🗓️March 30 – April 3, 2016
YOUTH CENTER OF THE STATE HERMITAGE MUSEUM
📍45 Moyka River Embankment, 3rd fl, St. Petersburg 191186 Russia
◆“Wish You Were Here” Exhibition of Alexander Terebenin and Alexander Shishkin-Hokusai◆
The exhibition “Wish You Were Here” was a collaborative project by two prominent contemporary Russian artists, Alexander Terebenin and Alexander Shishkin-Hokusai. It combined installation, photography, and theatrical elements to explore themes of presence, absence, and imagined travel. The artists created a space where personal memories and collective history intertwined, inviting viewers to reflect on the fragility of human experience, the passing of time, and the surreal ways we try to preserve memory.
Chaos is merely an illusion. Everything is programmed in advance. The exhausted heroes of online battles—the couch knights of the 21st century—know this all too well. It is no coincidence that the products of gaming corporations simulating “another life” have become so relevant to today’s art scene. The game space is clearly defined. Its prototype: the Chernobyl exclusion zone. Using documentary video and photographic materials, the developers rely on realistic graphics, mysterious locations, and the deep atmosphere of post-apocalypse.
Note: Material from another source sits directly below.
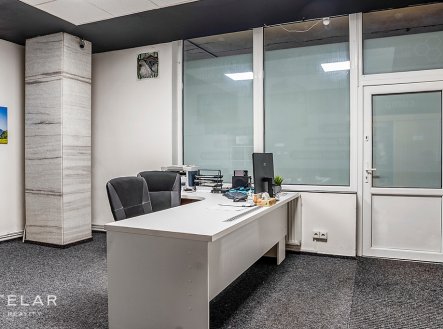 Pronájem obchodní prostory, 70 m²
Artist Alexander Shishkin-Hokusai gives form to the impossible. His project “Morning in Chernobyl / Radioactive Versailles” is not merely an image of an abandoned place—it is an artificial paradise. The game is multi-level and full of characters, reminiscent of Bosch: numerous plywood figures as participants, spectators, and accidental witnesses. Troubling dreams with fast-paced plots. The illness progresses: there is no longer a boundary between reality and fiction.
The second artist in the project, Alexander Terebenin, reveals parallel worlds without delving into a masterfully simulated digital realm. Year after year, he documents the silent void that exists beside us. The roof has collapsed, the ceilings have rotted, and mold eats away at the walls. Paint peels off like scrolls of ancient manuscripts. Dust, decay, disintegration. A shadow theater. And yet the ghosts inhabiting it continue to tune their horns and violins, while an invisible audience still listens to their virtuoso performance. This organism still breathes—a carefree lethargic sleep. The video broadcast continues through the framed images—an homage to works of the Old Masters from the Hermitage’s classical collections.